Solar mencoba menahan tawanya. "Iya, iya... Kakakku yang kecil dan manis. Jangan khawatir, aku tetap hormat padamu, kok."

Mendengar kata "manis", Halilintar langsung cemberut. "Aku tidak manis!" protesnya, tangannya bergerak cepat untuk memukul pelan lengan Solar.

Namun, Solar dengan mudah menghindar sambil terus tertawa.

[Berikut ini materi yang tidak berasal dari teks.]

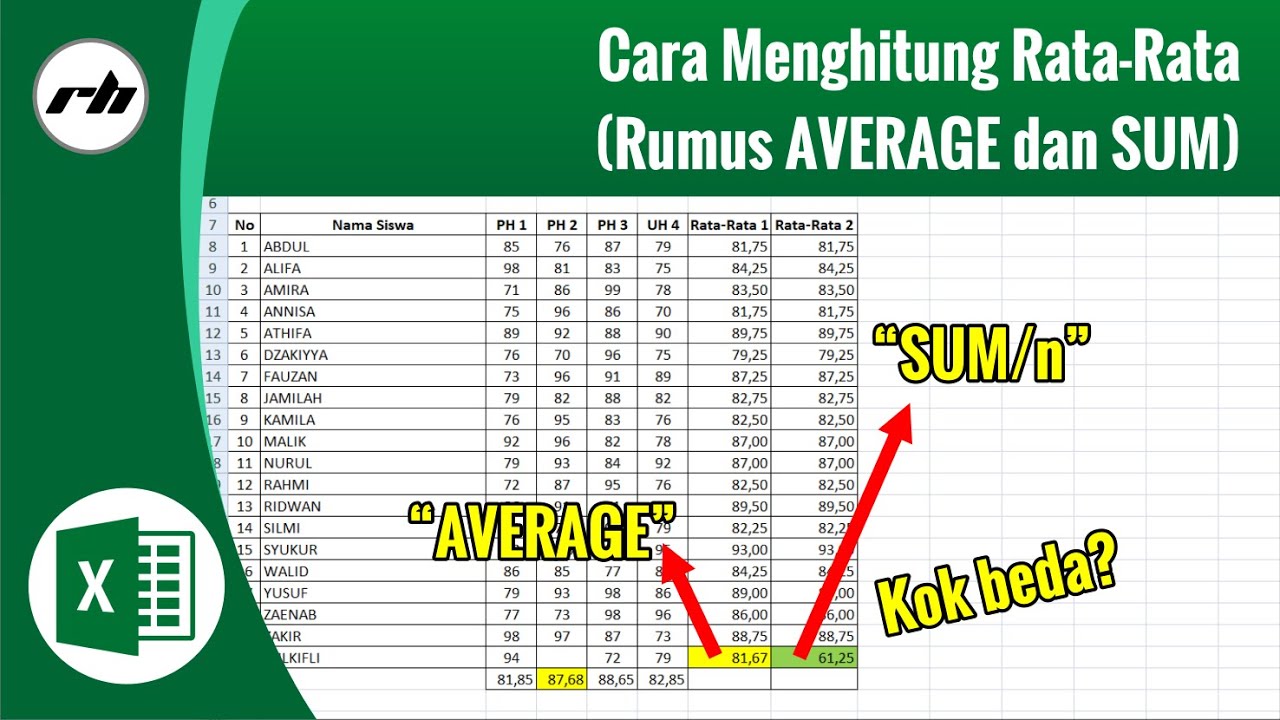 Cara Menghitung Nilai Rata-Rata di Excel (Rumus AVERAGE & SUM)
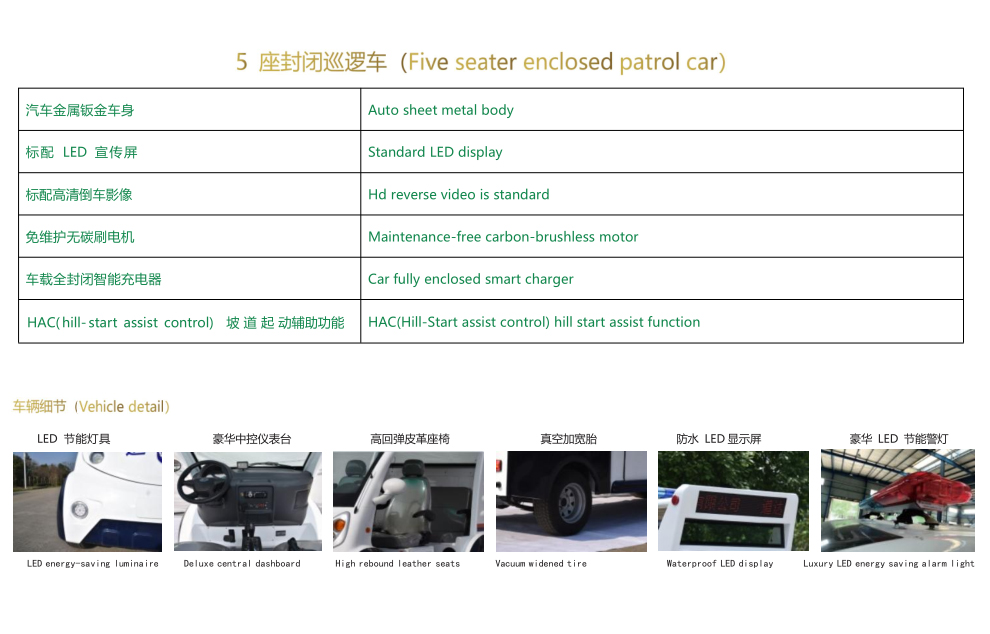 5座封閉巡邏車（Five-seater-enclosed-patrol-car）_1.jpg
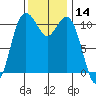 Gig Harbor tide chart for Tuesday, November 14, 2023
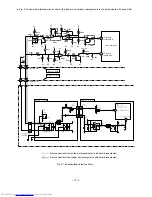 Предварительный просмотр 92 страницы Hitachi RAC-25FX8 Service Manual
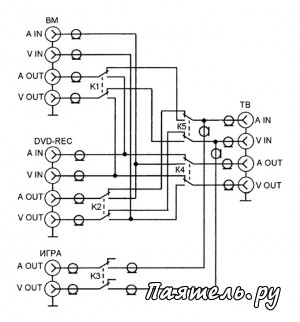 Схема коммутатора телевизора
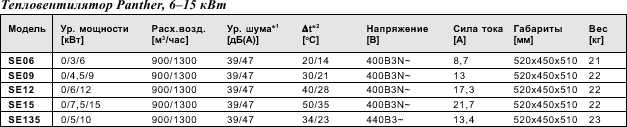 Тепловентиляторы серии Panther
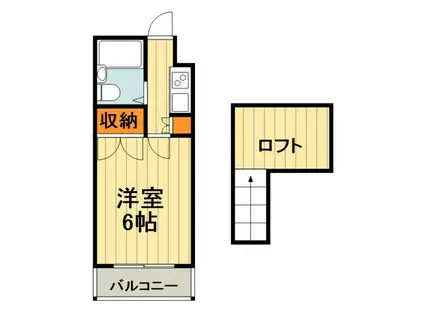 アルテハイム西川口(1K/2階)の間取り写真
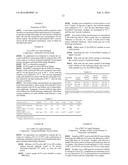 STABILIZATION OF SUSPENDED SOLID PARTICLES AND/OR GAS BUBBLES IN AQUEOUS     FLUIDS diagram and image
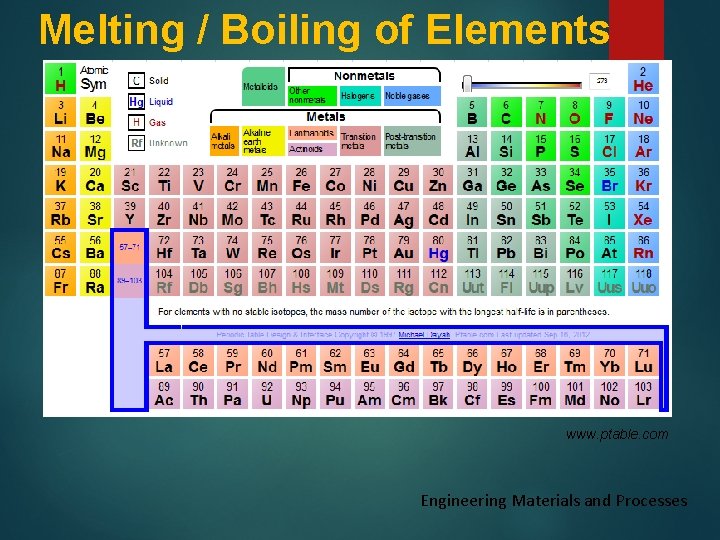 Melting / Boiling of Elements www. ptable. com Engineering Materials and Processes 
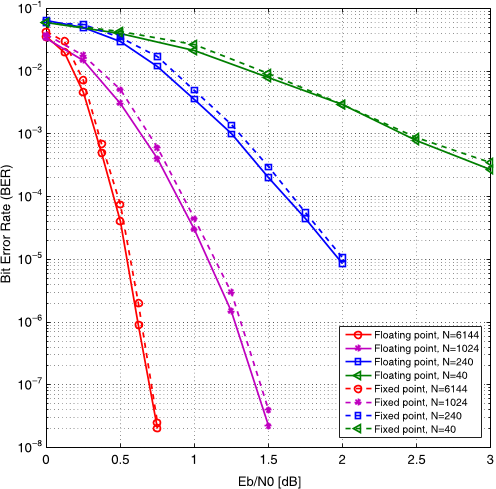 Figure 18 Simulation results for 3GPP-LTE Turbo codes with a variety of block sizes.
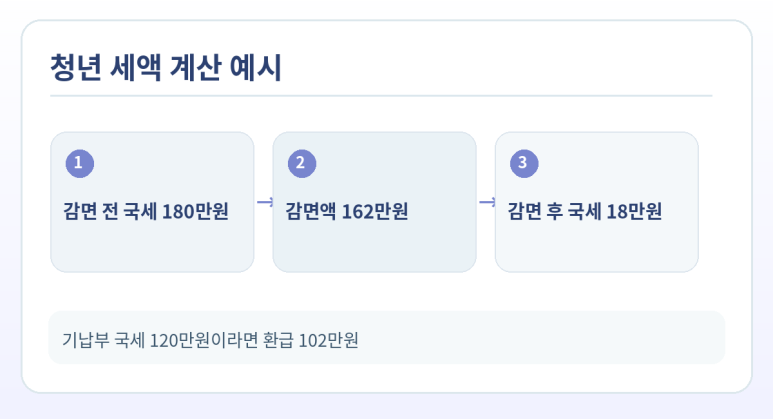 본문 설명 이미지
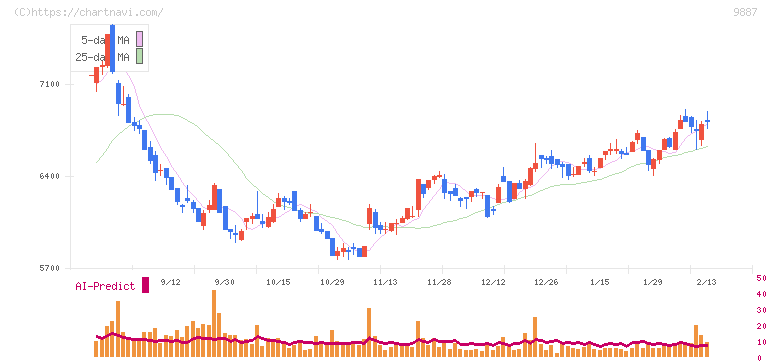 松屋フーズホールディングス(9887)の日足チャート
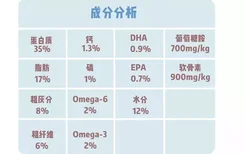 爱肯拿狗粮和博汪哪个比较好 都是实在的优质粮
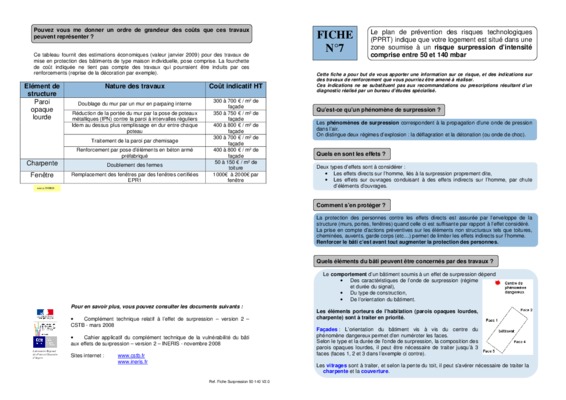 surpression Book
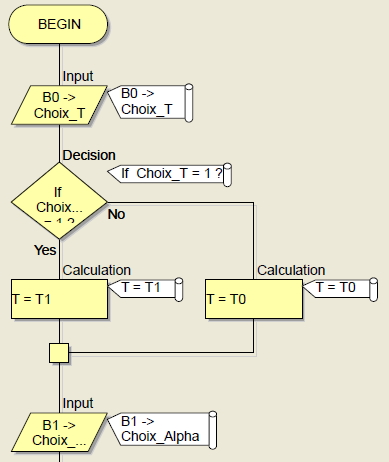 Extrait d'un programme simple avec Floxcode V5 (Source : LP2I)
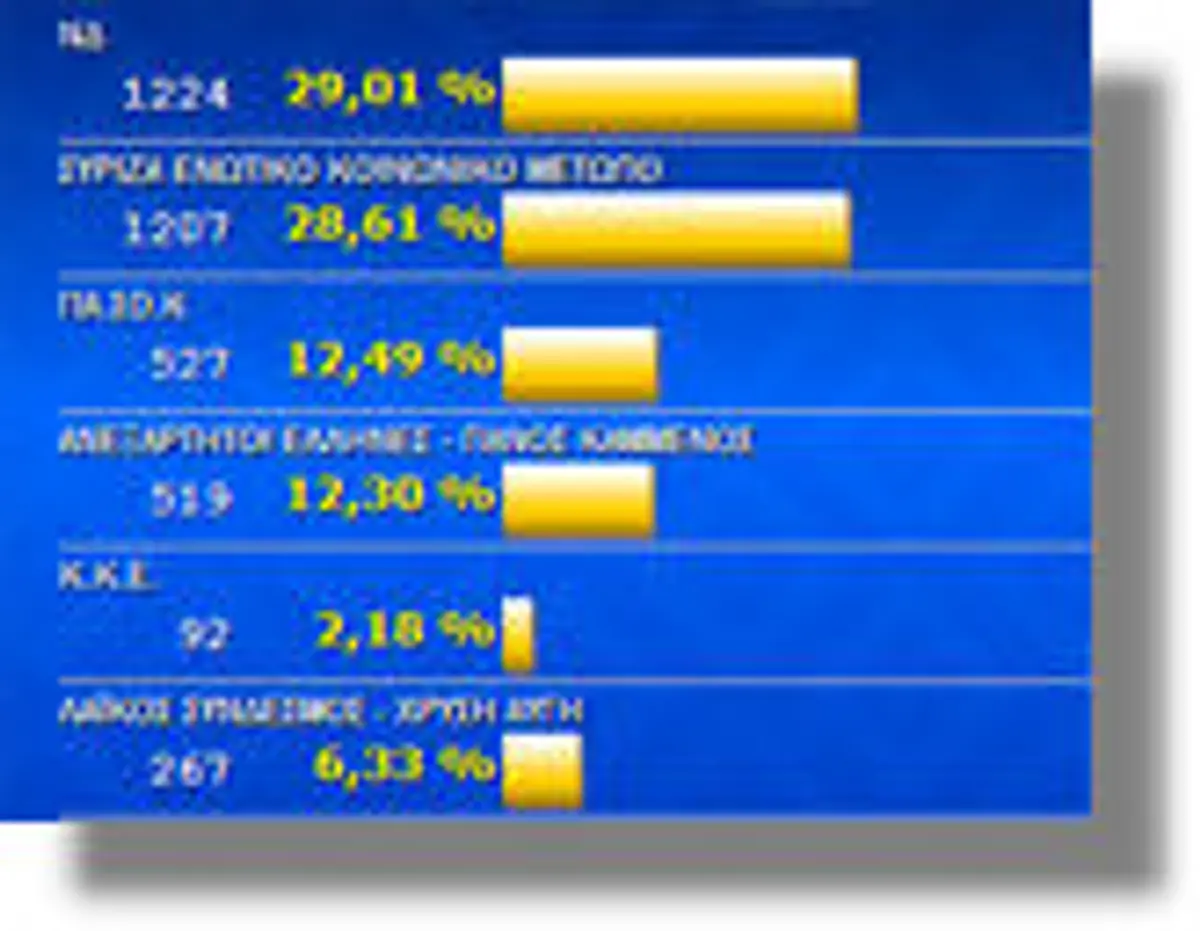 Τελικά συγκεντρωτικά αποτελέσματα Δήμου Λέρου: Ν.Δ 29,01% – ΣΥΡΙΖΑ 28,61%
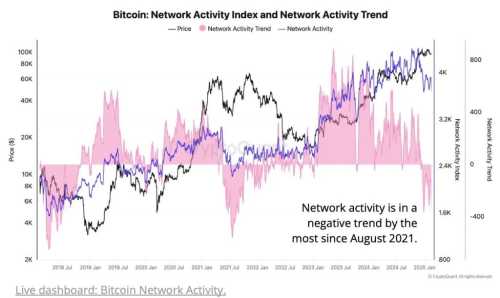 Bitcoin Faces Price Correction Amid Weak Demand: CryptoQuant | INFbusiness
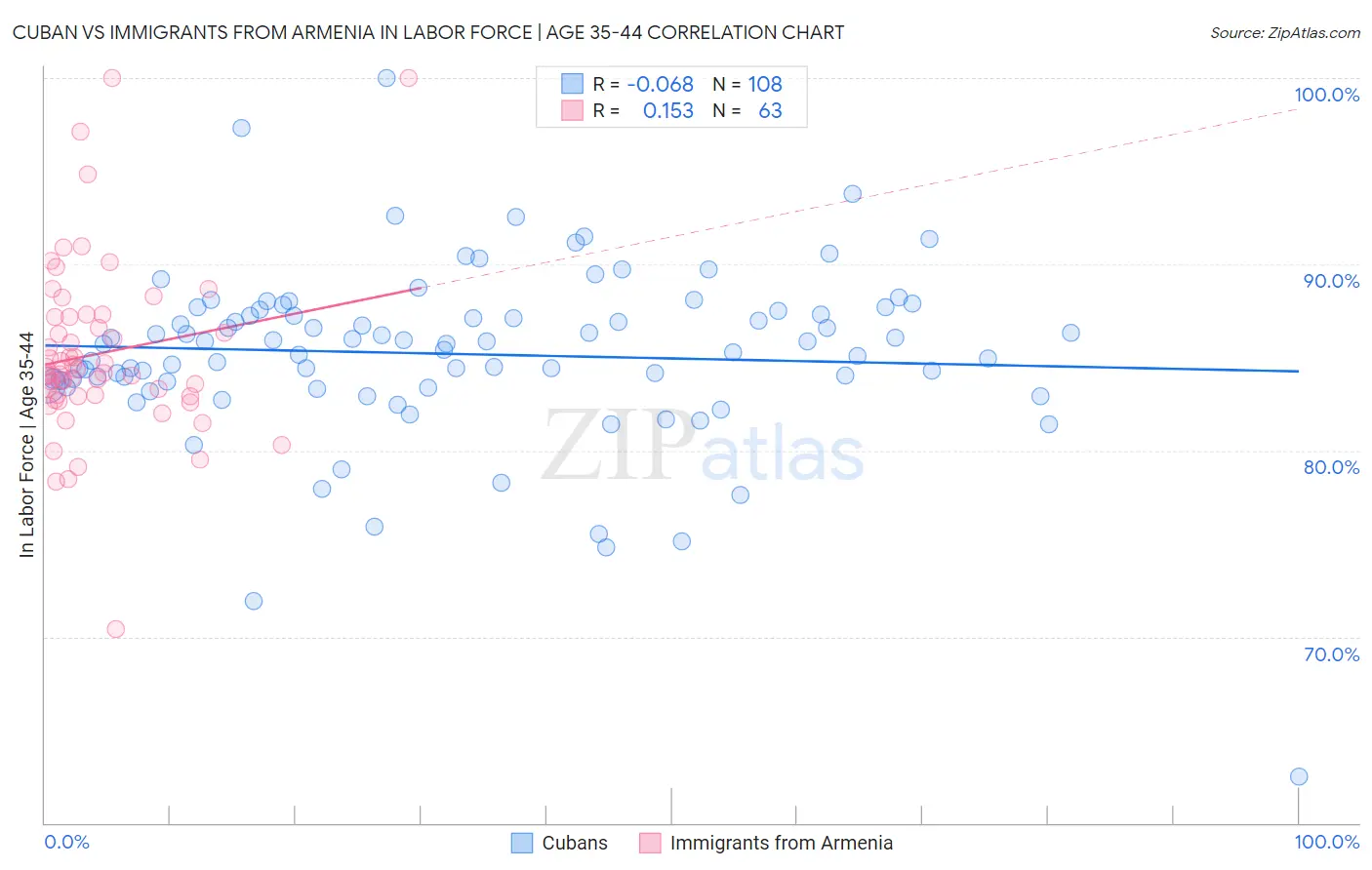 Cuban vs Immigrants from Armenia In Labor Force | Age 35-44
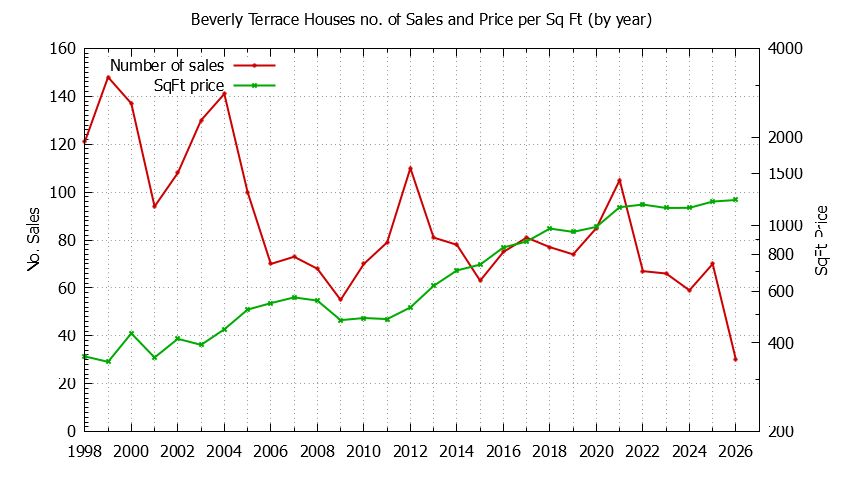 Graph of the Yearly Number vs. Price Per SqFt for Beverly Terrace Houes Sold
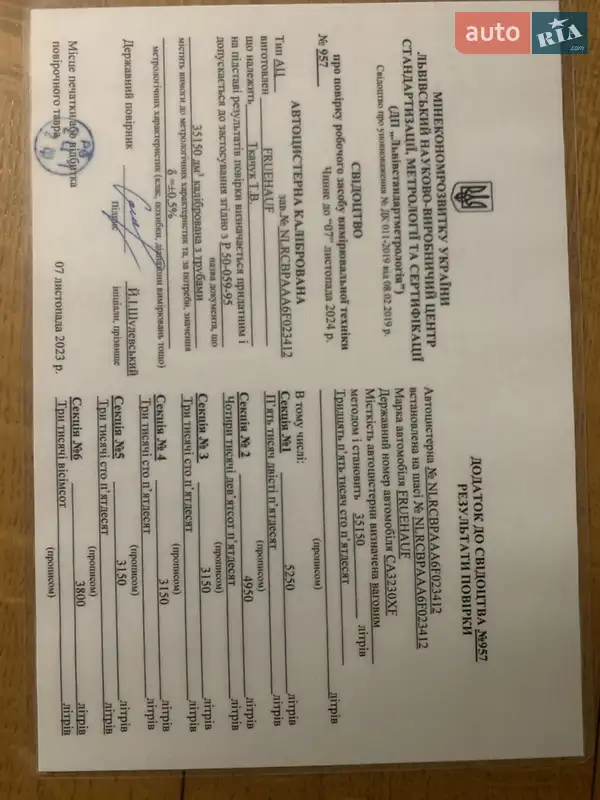 Цистерна полуприцеп Fruehauf BPV 2006 в Хмельницком документ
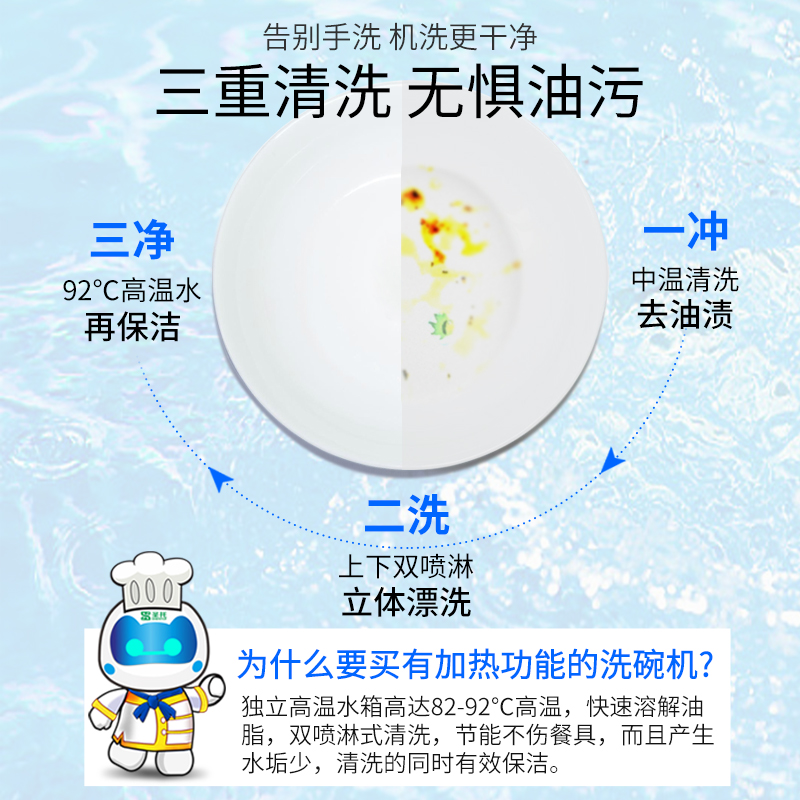 圣托(Shentop)通道式洗碗机 双缸双喷淋 商用自动不锈钢刷碗机器 通道式洗杯机 DED02高清大图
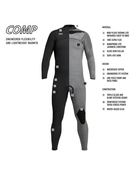 Xcel Ladies Comp 4x3mm Wetsuit - SUPPORT YOUR LOCAL PROMO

"Yah, orang-orang selalu mengira kamu adikku karena wajahmu yang imut itu, Kak Hali. Mungkin aku harus mulai memanggilmu adikku saja, ya?" Solar menggoda lagi, kali ini dengan senyum puas.

"Dedek Alin~"

Halilintar semakin kesal. "Kalau kamu tidak berhenti menggoda, aku tidak akan membuatkan makanan favoritmu lagi!" ancamnya, meskipun ancaman itu tak pernah benar-benar dijalankan.

Solar tahu betul bahwa Halilintar tidak pernah bisa benar-benar marah padanya. Lagipula, Halilintar selalu perhatian walau ditutupi mulut pedasnya dan memastikan Solar mendapatkan semua yang ia butuhkan sejak orang tua mereka meninggal.

Solar tersenyum lembut. "Aku tahu, Kak Hali. Terima kasih karena selalu menjaga aku," ujarnya tiba-tiba dengan nada serius, yang membuat Halilintar terdiam.

Wajah Halilintar kembali memerah. Ia mengalihkan pandangannya dan bergumam, "Itu karena... aku kakakmu. Tentu saja aku akan menjagamu."

Solar menatapnya dengan hangat.

Meskipun sering mengganggu dan bertengkar dengan Halilintar, ia tahu betapa berartinya kakaknya itu baginya.

"Dan aku juga akan selalu menjagamu," ucap Solar perlahan, kali ini tanpa nada bercanda.

Segengsi-gensi Solar dan Halilintar, mereka hanya ada satu sama lain.

Halilintar melirik Solar, dan untuk sesaat, suasana di antara mereka menjadi tenang dan nyaman.

Namun, rasa canggung segera menyelimuti Halilintar, dan ia pun cepat-cepat mengalihkan perhatian dengan menambahkan selai stroberi lagi ke roti panggangnya. "Baiklah, cukup basa-basinya. Cepat makan, atau kamu terlambat ke sekolah."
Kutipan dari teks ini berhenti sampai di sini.